**What you are asked to do**
Begin with the first line of the entries below and reproduce each line exactly, ending with the line that holds "ComfortXL - Aquarium".

[Data entries]
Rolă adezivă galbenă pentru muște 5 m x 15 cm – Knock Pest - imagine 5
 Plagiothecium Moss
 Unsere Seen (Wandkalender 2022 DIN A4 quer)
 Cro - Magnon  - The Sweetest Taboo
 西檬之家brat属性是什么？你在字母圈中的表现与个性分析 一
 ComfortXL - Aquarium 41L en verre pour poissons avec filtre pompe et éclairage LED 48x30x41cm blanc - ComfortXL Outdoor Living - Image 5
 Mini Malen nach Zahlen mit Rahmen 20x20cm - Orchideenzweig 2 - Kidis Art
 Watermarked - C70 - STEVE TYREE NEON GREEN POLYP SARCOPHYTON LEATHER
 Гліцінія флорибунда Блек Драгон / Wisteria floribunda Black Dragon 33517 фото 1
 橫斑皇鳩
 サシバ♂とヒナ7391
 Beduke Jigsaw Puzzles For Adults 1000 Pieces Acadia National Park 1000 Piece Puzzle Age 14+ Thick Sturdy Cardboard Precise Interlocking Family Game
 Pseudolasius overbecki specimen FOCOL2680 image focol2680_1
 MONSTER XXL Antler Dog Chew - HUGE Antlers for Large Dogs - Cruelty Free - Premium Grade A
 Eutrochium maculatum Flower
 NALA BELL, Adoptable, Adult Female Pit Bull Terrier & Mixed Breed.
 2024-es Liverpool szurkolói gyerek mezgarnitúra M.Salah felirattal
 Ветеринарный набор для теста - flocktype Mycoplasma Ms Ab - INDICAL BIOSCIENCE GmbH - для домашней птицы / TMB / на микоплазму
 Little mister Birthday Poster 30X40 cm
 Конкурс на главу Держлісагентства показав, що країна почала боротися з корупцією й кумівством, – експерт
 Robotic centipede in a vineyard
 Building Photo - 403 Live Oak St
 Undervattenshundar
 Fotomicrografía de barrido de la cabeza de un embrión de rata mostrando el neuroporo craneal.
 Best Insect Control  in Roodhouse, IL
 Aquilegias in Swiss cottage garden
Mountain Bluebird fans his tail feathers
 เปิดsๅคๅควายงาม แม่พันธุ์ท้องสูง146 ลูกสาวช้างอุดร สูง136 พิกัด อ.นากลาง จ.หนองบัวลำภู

**Task response**
Rolă adezivă galbenă pentru muște 5 m x 15 cm – Knock Pest - imagine 5
 Plagiothecium Moss
 Unsere Seen (Wandkalender 2022 DIN A4 quer)
 Cro - Magnon  - The Sweetest Taboo
 西檬之家brat属性是什么？你在字母圈中的表现与个性分析 一
 ComfortXL - Aquarium 41L en verre pour poissons avec filtre pompe et éclairage LED 48x30x41cm blanc - ComfortXL Outdoor Living - Image 5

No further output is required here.